# Fire at animal shelter, arson not ruled out.



## Geap (Dec 22, 2009)

Hi everyone. I've been a lurker for a while, sorry this had to be my first post. 

Just caught this on the local news. The office building of Southern Pines, our animal shelter in Hattiesburg, MS was damaged in a fire on Sunday. Four cats, which were the staff's pets, were killed. 

Investigators have not ruled out arson and surveillance equipment was stolen from the building. 

News article: 
http://www.hattiesburgamerican.com/article/20091221/NEWS01/912210313/Animal-shelter-fire-kills-cats-damages-office

Shelter statement:
http://www.southernpinesanimalshelter.org/

It is bad enough that a fire destroyed their building and animals were killed, but if this was arson, it is truly disgusting and unconscionable. 

I'm sure any help would be appreciated by the shelter.


----------



## digits mama (Jun 13, 2007)

Aww man.
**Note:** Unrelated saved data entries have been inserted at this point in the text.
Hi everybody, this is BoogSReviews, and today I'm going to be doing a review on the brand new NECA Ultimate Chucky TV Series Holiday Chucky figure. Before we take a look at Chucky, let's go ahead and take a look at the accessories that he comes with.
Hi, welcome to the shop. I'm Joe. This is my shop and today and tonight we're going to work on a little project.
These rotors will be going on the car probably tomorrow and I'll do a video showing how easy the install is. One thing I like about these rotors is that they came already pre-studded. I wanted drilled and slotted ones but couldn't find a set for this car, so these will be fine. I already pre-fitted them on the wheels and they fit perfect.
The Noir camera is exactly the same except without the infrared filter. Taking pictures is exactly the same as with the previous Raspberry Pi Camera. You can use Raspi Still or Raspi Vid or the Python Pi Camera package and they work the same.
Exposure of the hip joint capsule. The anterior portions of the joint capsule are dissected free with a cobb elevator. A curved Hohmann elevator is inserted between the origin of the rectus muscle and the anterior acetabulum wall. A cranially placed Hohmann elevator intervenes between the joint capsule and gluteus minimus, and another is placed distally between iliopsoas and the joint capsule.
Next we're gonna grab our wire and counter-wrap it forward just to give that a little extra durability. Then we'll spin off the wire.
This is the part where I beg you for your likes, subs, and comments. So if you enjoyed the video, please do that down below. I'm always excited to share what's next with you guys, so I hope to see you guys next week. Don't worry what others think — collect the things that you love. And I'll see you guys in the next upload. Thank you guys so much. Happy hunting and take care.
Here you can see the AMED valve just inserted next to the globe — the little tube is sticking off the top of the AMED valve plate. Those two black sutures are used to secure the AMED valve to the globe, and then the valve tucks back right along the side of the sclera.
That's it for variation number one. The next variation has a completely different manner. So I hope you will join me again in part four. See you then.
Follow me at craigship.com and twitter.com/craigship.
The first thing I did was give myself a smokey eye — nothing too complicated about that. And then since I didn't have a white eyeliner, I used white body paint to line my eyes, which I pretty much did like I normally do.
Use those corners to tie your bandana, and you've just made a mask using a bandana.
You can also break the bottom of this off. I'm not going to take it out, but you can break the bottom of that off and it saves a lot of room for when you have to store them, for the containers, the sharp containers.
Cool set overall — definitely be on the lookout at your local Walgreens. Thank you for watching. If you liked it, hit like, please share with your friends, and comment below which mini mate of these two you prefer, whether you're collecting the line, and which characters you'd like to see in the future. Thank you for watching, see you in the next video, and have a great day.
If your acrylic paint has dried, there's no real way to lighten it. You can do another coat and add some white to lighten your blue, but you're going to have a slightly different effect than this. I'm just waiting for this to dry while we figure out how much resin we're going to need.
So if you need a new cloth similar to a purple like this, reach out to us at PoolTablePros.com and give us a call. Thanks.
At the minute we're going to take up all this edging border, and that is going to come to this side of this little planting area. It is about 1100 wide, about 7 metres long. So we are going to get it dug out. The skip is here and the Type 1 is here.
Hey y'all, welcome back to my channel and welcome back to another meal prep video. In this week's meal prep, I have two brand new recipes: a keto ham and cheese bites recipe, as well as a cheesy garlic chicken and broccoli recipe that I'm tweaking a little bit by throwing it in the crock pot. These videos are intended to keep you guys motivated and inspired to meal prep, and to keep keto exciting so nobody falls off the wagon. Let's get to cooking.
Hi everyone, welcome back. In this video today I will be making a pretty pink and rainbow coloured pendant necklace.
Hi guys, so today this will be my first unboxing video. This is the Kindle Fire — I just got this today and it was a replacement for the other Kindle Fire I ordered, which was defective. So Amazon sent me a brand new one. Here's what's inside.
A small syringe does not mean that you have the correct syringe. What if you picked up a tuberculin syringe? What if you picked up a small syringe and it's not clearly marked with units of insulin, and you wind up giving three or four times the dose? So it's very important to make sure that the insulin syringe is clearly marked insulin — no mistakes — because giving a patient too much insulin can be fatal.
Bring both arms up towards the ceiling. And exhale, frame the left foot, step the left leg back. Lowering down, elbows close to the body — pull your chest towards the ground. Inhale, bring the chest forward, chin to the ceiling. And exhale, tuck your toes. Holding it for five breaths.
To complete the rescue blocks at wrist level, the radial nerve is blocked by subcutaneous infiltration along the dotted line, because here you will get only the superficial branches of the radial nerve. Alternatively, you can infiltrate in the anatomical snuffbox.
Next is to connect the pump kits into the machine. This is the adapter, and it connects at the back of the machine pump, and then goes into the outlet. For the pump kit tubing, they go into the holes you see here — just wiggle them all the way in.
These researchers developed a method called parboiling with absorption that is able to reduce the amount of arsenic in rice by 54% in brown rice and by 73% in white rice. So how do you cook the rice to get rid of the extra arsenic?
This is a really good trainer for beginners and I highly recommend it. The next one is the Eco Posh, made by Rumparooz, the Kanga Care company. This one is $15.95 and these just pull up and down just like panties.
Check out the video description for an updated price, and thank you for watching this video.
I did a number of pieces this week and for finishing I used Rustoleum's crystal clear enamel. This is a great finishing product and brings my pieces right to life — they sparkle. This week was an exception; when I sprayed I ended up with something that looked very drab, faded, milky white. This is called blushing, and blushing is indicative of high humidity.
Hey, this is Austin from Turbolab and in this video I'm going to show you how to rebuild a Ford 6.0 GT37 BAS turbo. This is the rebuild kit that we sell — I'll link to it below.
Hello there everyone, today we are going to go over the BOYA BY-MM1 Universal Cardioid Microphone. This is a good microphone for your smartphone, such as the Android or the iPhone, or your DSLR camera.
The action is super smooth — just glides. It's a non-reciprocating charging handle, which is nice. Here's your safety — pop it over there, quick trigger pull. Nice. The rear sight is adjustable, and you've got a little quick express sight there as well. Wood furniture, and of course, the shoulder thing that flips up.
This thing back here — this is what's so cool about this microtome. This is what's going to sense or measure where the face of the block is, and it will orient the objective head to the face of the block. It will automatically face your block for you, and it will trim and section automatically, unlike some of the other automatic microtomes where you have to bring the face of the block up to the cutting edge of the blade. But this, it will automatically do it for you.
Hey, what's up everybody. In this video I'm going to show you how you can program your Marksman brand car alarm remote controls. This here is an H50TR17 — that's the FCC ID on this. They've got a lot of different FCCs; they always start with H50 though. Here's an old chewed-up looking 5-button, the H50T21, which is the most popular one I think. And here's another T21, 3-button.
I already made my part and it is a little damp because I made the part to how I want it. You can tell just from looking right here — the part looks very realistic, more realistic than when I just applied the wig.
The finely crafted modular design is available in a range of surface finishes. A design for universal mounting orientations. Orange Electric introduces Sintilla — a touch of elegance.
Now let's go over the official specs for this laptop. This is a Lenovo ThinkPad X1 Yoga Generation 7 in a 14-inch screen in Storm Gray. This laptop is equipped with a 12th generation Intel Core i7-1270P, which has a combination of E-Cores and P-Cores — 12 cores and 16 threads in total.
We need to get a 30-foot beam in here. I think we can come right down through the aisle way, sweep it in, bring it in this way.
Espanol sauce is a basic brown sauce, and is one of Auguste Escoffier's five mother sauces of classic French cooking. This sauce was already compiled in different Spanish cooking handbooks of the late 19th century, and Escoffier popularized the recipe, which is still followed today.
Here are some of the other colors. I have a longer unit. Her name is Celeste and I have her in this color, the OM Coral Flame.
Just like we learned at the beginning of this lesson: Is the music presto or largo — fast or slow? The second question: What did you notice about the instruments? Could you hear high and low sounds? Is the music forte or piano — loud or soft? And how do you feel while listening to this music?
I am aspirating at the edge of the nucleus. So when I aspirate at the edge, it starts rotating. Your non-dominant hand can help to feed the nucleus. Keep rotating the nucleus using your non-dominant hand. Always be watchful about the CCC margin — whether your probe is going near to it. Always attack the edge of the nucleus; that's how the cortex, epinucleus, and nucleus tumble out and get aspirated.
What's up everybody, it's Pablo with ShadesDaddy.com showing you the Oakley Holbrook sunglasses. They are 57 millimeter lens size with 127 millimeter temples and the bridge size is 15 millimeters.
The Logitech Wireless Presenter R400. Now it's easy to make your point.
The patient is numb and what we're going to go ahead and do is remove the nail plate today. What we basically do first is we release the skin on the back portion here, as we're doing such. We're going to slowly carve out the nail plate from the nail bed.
I have fostered for them in the past. Wonderful people there. Ill be making a trip up there next week and will be sure and stop and donate.


----------



## Geap (Dec 22, 2009)

Luckily, the main kennel was not affected.

They seem to be doing good on adoptions. I was there a few weeks ago looking for a dog to adopt and many of the gates had "adopted" signs on them. There also seems to be good community support. 

You're right. They do seem like wonderful people.


----------



## digits mama (Jun 13, 2007)

They do a fine job of placing animals. They do all kinds of extra curricular adoption events and keeps the petfinder site up and current.

And Volunteers there are the bomb!!


----------



## Geap (Dec 22, 2009)

**UPDATE**

Hattiesburg Police arrested the suspected arsonist! It turns out, he works at the shelter. More info below.

News article:
http://www.hattiesburgamerican.com/article/20091224/NEWS01/912240322/Worker-charged-in-shelter-blaze


----------



## digits mama (Jun 13, 2007)

What a dumb behind.


----------



## happylife (Dec 26, 2009)

I'm glad he got caught though. But his reason of burning a place down was because of a position change!? That's upsetting.


----------